Executive Summary:
On October 3, 2006, asteroid (25) Phocaea occulted the bright star SAO 108610. I set up to observe the event from the RIT Observatory:
Latitude +43.0758 degrees North = +43:04:33 Longitude 77.6647 degrees West of Greenwich = 77:39:53 W Altitude 168 meters Meade LX200GPS 12-inch f/10 Schmidt-Cassegrain telescope PC164C CCD video camera Kiwi OSD GPS video time inserter Garmin 16 GPS random old VCR
The conditions were good, but I saw no dip in brightness on the TV monitor at the predicted time. Later, I fed one minute of video around the predicted time through a Canopus ADVC 110 to digitize it. When I analyzed the individual frames, I found a strange light curve:
There is certainly no dip, so this confirms my conclusion that there was no occultation. The spikes in brightness are wierd. Note that the brightness of the sky mirrors that of the star, which rules out the passage of thin clouds as an explanation: they would make the star dimmer and the sky brighter.
My guess is that these variations are due to changes in the gain of the camera, but I don't know why the gain should have been changing so much ....
Brad Timerson made a video record of the event from his location in Newark, NY:
Latitude: 43 d 00 m 24.0 s North Longitude: 77 d 07 m 06.0 s West Altitude: 144 m + 51 km from the predicted path
Brad sent me a (possibly low-quality) digitized copy of his video record, so that I might do an independent analysis of the event. Here's a sample frame from the movie. Note the compression artifacts. The target is the bright object at the center. You can see a faint comparison star near the top right corner.
The bright target star is saturated when it is not being occulted, as this radial profile shows:
That means that our photometry will underestimate the actual brightness of the unocculted star, and so underestimate the depth of any occultations.
I followed my usual procedure:
I decided that the large, 10-pixel radius yielded the best results. Here are my light curves of the target star and the comparison star from the entire movie clip.
Now let's look at a closeup around the time of the occultation. I multiply the measurements of the comparison star by a factor of 15 so that they run through the middle of the graph.

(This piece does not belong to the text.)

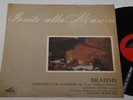 Gioconda De Vito Brahms Violin Concerto Rudolf Schwarz Italian HMV QIM 6336 ED1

There are two clear events: a long first disappearance, followed by a brief second dip. Of the four changes, three occur very quickly (lasting only 1 or 2 frames), but the second disappearance is more gradual (lasting 4 or 5 frames).
The pattern here is very similar to that measured by Brad Timerson with the LiMovie software. Every little rise and fall is mirrored in the two independent analyses:
Well -- almost. On the graph above, I show in blue the difference between the two measurements of the target star, frame by frame. Around frame 640, the differences change from a smooth curve to a jagged one. Why? Because my light curve falls one frame behind Brad's. Note how both light curves agree exactly on the time of D1, but the red curve lags behind by one frame for the other three events.

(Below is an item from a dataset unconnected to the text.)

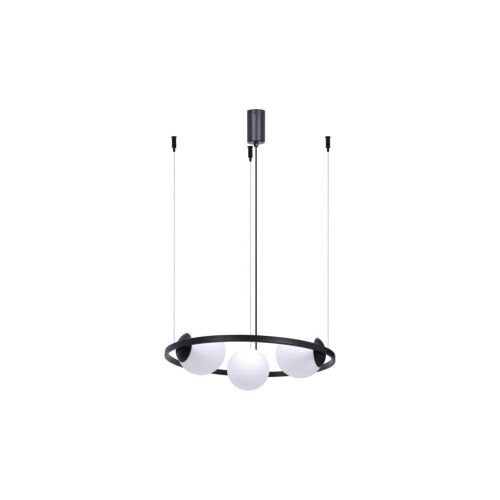 Orbit függő lámpa fekete 5004Z Zuma Line 147252200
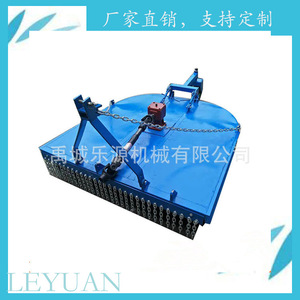 Leyuan Rotary Mower 1.8m High Productivity Weed Control Farm Equipment - Product Image 3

If I insert one dummy value at frame 640 into my light curve, pushing all the others ahead by one frame, then the difference remains smooth and the curves remain in sync for the entire clip:
The question is: where did the extra frame go? Did an error occur when I broke the movie clip into frames (dropping one around 640), or did it occur when Brad broke his original clip into frames (adding one extra around 640)? The answer is I don't know (though I suspect the error is mine).
If the video had a time inserted into it, then the timestamps would reveal where a frame was dropped, or added. If the video had an audio track with regular, frequent time signals, one might be able to find the extra (or missing) frame by counting carefully between the time signals. But, with the information at hand, it's really hard to know what happened.